Image-text web data:
⁂

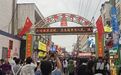 淄博凉了？记者实探：烧烤店“下午5点就排队，凌晨2点才收摊”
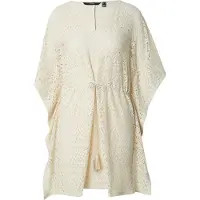 Vero Moda Tunique 'MAYA'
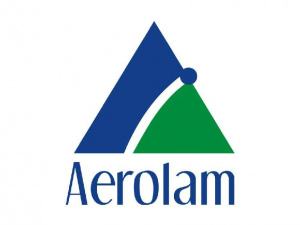 Aerolam Insulations Pvt.Ltd logo
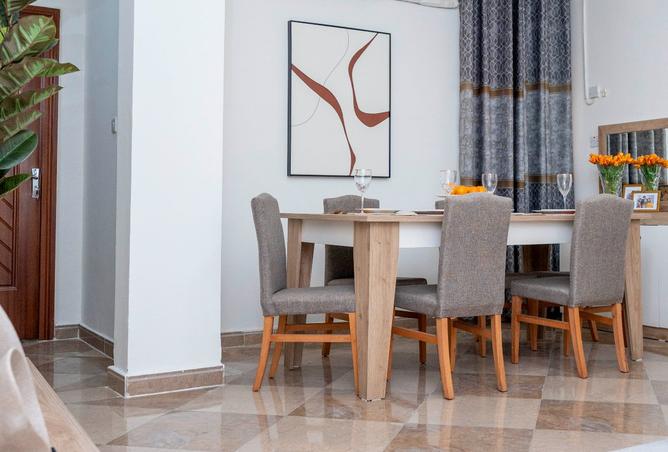 972403 - الصورة الرئيسية للعقار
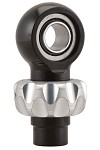 CFMOTO 800 MT (CF800-5) Explorer 23/- / 800 MT (CF800-5) Sport & Touring 22/- - M46K-F - (57/170/180) - adj.C-R-L-P (standard preload by ring / TM2 tool included)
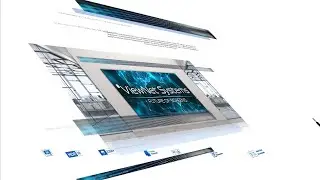 ViewStudio Pro - High Performance Direct View LED Screen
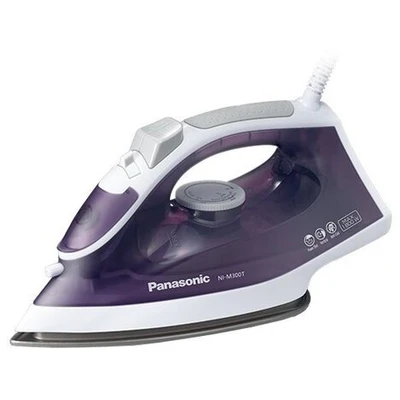 Утюг Panasonic NI-M300TVTW 1170629468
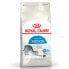 ROYAL CANIN Home Life Indoor Adult 4kg Cat Food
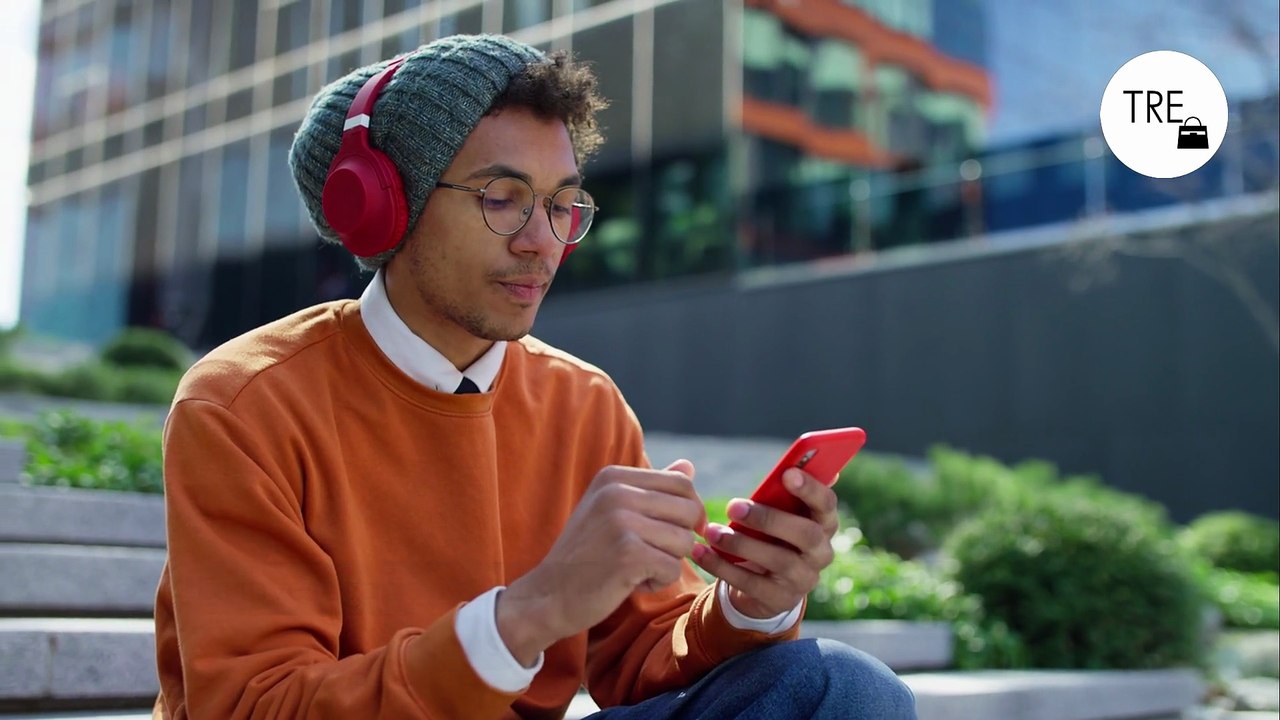 La revolución del empleo ya está en marcha: Microsoft ha invertido millones y dicta cuáles serán los trabajos que la IA puede reemplazar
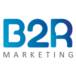 B2R Marketing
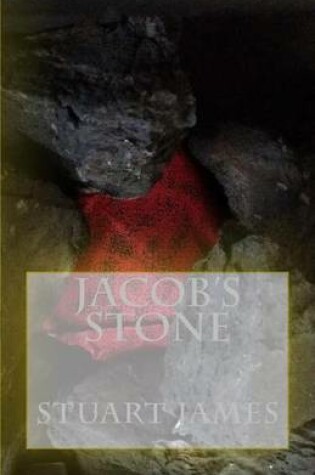 Cover of Jacob's Stone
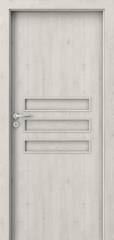Drzwi Porta FIT E.0 Porta - Wrocław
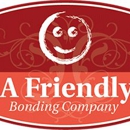A Friendly Bonding Company - Bail Bonds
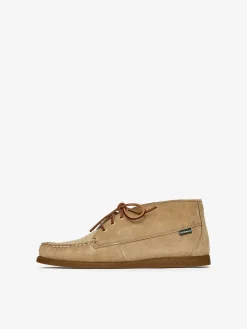 Desert Boot Kai Artisan von Sebago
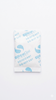 5gm Silica Gel Moisture Absorber Desiccant Packets Tyvek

⁂

What the exercise asks: Repeat, with no pictures, each line from the beginning of the data through the line containing "ViewStudio Pro - High", inclusive.

Written solution:
 淄博凉了？记者实探：烧烤店“下午5点就排队，凌晨2点才收摊”
 Vero Moda Tunique 'MAYA'
 Aerolam Insulations Pvt.Ltd logo
 972403 - الصورة الرئيسية للعقار
 CFMOTO 800 MT (CF800-5) Explorer 23/- / 800 MT (CF800-5) Sport & Touring 22/- - M46K-F - (57/170/180) - adj.C-R-L-P (standard preload by ring / TM2 tool included)
 ViewStudio Pro - High Performance Direct View LED Screen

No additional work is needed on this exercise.